Indiana’s Lauren Edelman went 4:49.56 to in the heat before that, and she ends up as the fourth seed. Just behind her in that heat was Hannah Kastigar, who sits fifth in 4:50.74 for Aberdeen Swimming.

14-year-old Chritin Rockway had a nice swim to go 4:51.11 for Tampa Bay – that’s a 1.3 second drop from her seed. Behind her is Sonia Wang (4:51.20) and another 14-year-old, Madison Homovich out of NCAC in North Carolina, snuck into the A final with the 8th seed. Homovich went 4:51.23.

 Boys 400 IM

Palo Alto Stanford’s Curtis Ogren is the clear-cut top seed in the boys 400 IM, leading all comers by over two seconds this morning. Ogren, who will stay in Palo Alto to attend Stanford next fall, went 4:18.77, within a second of his best. With Aquazot’s Corey Okubo scratching out of this race, Ogren will mostly be racing the clock tonight.
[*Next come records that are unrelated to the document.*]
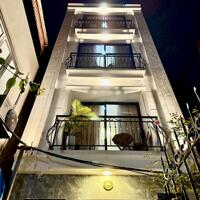 Bán Nhà Vân Canh Hoài Đức, 36m2*5Tầng cực đẹp tặng nội thất gần ôtô thoáng sáng vĩnh viễn.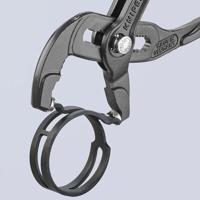 Knipex 85 51 180 A Bandveerklemtang 180 mm 1 stuk(s) - thumbnail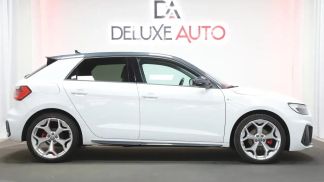 Leasing Wagon Audi A1 2019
Ian Rainey won the other circle-seeded heat in 4:20.82 to take the second seed and an inside lane alongside Ogren tonight. That time is three seconds better than his seed. Cascade’s Abrahm Devine was 4:22.00 from that heat to sit third overall.

Austin Van Overdam from Cypress Fairbanks was second to Ogren in his heat and sits fourth overall at 4:23.12. Just behind is Premier Aquatics’ Benjamin Walker (4:23.36) and Tualatin Hills’ Patrick Mulcare (4:24.08), also from the same prelims heat.

Aquazot’s Alex Peterson sits seventh in 4:24.22, and the last A final spot went to SwimAtlanta’s Tom Peribonio in 4:24.28. Just missing the A heat by .3 was Michael Messner out of Santa Clara. Messner will lead the consols at 4:24.58.


Finals begin tonight at 6 PM California time.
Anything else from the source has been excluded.